Leo en la prensa económica que en 30 años la mitad de los puestos de trabajo serán ocupados por robots. ¿Qué será de la libertad humana? ¿Y de mi curro?, podría preguntarse, acongojado, cualquiera, en función de sus circunstancias y su capacidad de horizonte vital. Ahora que en España acabamos de votar (o no), quizá sea pertinente recordar que la libertad, entendida como ejercicio de soberanía de los individuos, solo es un episodio, un paréntesis de lo cotidiano, como dice quien pasa por ser el filósofo de moda, el coreano Byung-Chul Han, en su ‘Psicopolítica’.

La emergencia de la muchedumbre, de la masa, como sujeto (magnífica, la biografía de Azaña escrita por Santos Juliá), impuso en el siglo XX la construcción de diques institucionales para proteger el sistema político que aún siguen en pie. De ahí que, como dice Han, ser sujeto titular de derechos signifique, paradójicamente, estar sometido. La libertad es un episodio, casi una anécdota, desde el mismo instante en que la ejercemos únicamente por delegación, por transferencia de responsabilidad hacia entes evanescentes alejados del trozo de vida que nos ha tocado gestionar a cada cual y que se erigen en sancionadores de los derechos.

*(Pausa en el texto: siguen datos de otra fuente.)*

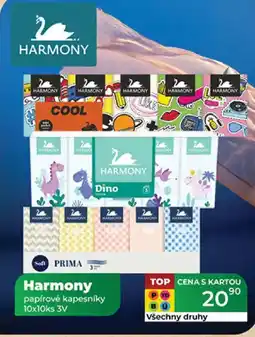Tamda Foods Harmony papírové kapesníky nabídka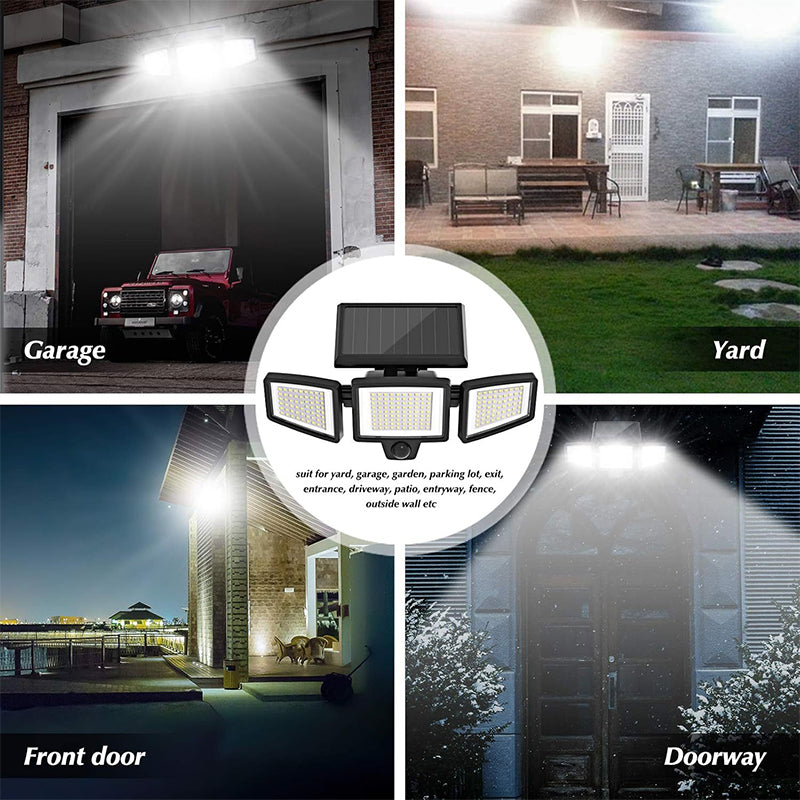 ☀️ Smart Sensor Solar Garden Light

Ser sujeto significa estar sometido. Pero ese sometimiento no está orquestado por ninguna conspiración de poderes oscuros. Por una sencilla razón: en una época en la que nos vemos como empresarios de nosotros mismos, viviendo con la ilusión de estar a los mandos de un determinado proyecto vital, la autoexigencia suple a la tiranía: es más eficiente que cada cual se explote a sí mismo que confiar esa tarea a un capataz. Ya no es eficiente explotar a alguien en contra de su voluntad, porque en la explotación ajena, el rendimiento es mínimo. Solo la explotación de la libertad genera el mayor rendimiento. Que se lo pregunten a cualquier trabajador-emprendedor autónomo. O, en el mundo del curro por cuenta ajena, no hay nadie a quien, tras superar un proceso de selección para un puesto de trabajo, sea el que sea, en una empresa que realmente haya entendido esto, no se le diga: tú vales mucho, ahora todo depende de ti, tú eres tu propio plan de carrera.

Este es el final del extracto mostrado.